What exactly is Bitcoin you ask?
Bitcoin provides a simpler alternative to the traditional financial system. Since Bitcoin is a decentralized currency, it removes the bank as a middleman between transactions – eliminating the banking fees associated with it (instant savings!) Bitcoin values user privacy. Besides requiring a user to verify their identity (i.e. SSN, drivers license, etc.) these three factors also maintain Bitcoins security: Bitcoin is encrypted within blockchain (meaning your personal information is hidden), Bitcoin is public (meaning all transactions are transparent, protecting anyone from scamming/cheating the system) and Bitcoin is decentralized (meaning transactions are kept track of worldwide.) Should someone try to hack a server, it would be pointless; there’s nothing you could steal that other servers couldn’t prevent and protect. Bitcoin is also not controlled by any government, entity or person but rather a network of computers around the world. From a user perspective, Bitcoin is pretty much like cash for the Internet.
What does that mean? How does it all work?
Basically, Bitcoin can be compared to virtual gold. Like gold, it is also created by mining, but the process is entirely electronic. Bitcoin miners verify transactions and combine those transactions into “blocks”, which in turn make up the digital currency’s blockchain. A blockchain is a public ledger of all verified transactions, of which Bitcoins are inseparable from. When a new “block” is completed, new Bitcoins are released and the network is updated. Miners are rewarded with Bitcoins for their work, which can be exchanged for other currencies, products, and services.
Where does one keep virtual money and will it run out?
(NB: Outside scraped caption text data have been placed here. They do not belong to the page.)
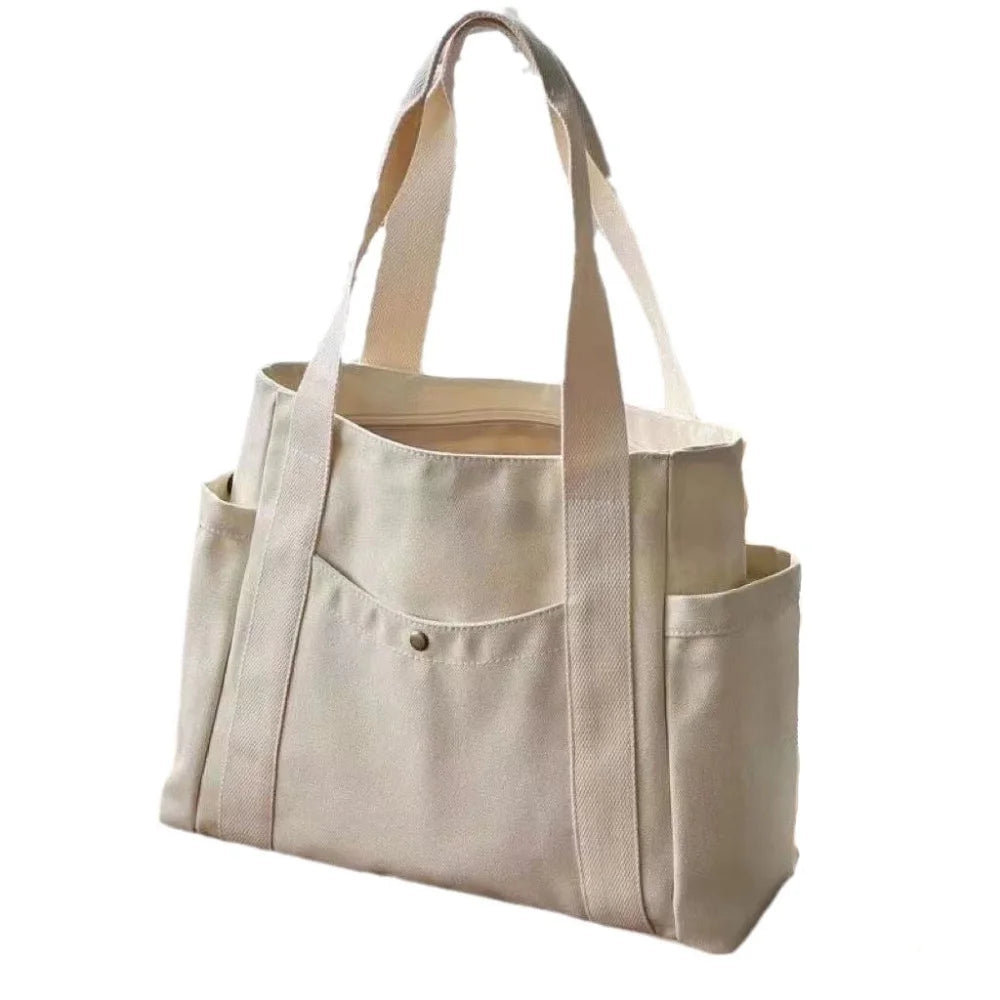 Large Capacity Canvas Tote Bags for Work Commuting Carrying Bag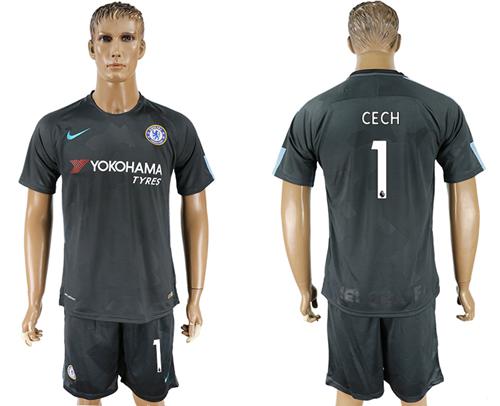 Chelsea #1 Cech Black Soccer Club Jersey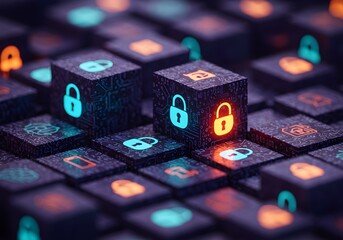 Close up of glowing digital padlock icons on dark circuit board cubes and squares security technology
It’s pretty straight forward when you get the hang of it. Bitcoins are finite; there are only 21 million in circulation worldwide. Once all 21 million have been mined, there will never be any new Bitcoins (unless a change to the protocol is made to increase the supply.) Bitcoins are kept in a digital wallet, storing the digital credentials for your Bitcoin holdings and allowing one to access (and spend) them. Bitcoin uses two cryptographic keys: one public and one private. Your wallet is a collection of these keys and can be used to track ownership, receive or spend cryptocurrencies.
So why have two keys, what’s the difference?
The two-step authentication for most transactions keeps cryptocurrency secure. Anyone can send cryptocurrency to an address. However, only the one who has the private key of the corresponding (public key) address can use it. Simply put: a public key allows others to make payments to the address derived from it, whereas a private key enables the spending of cryptocurrency from that address.
Fun fact: Bitcoin was invented in 2008 by an unknown person or group of people using the name Satoshi Nakamoto.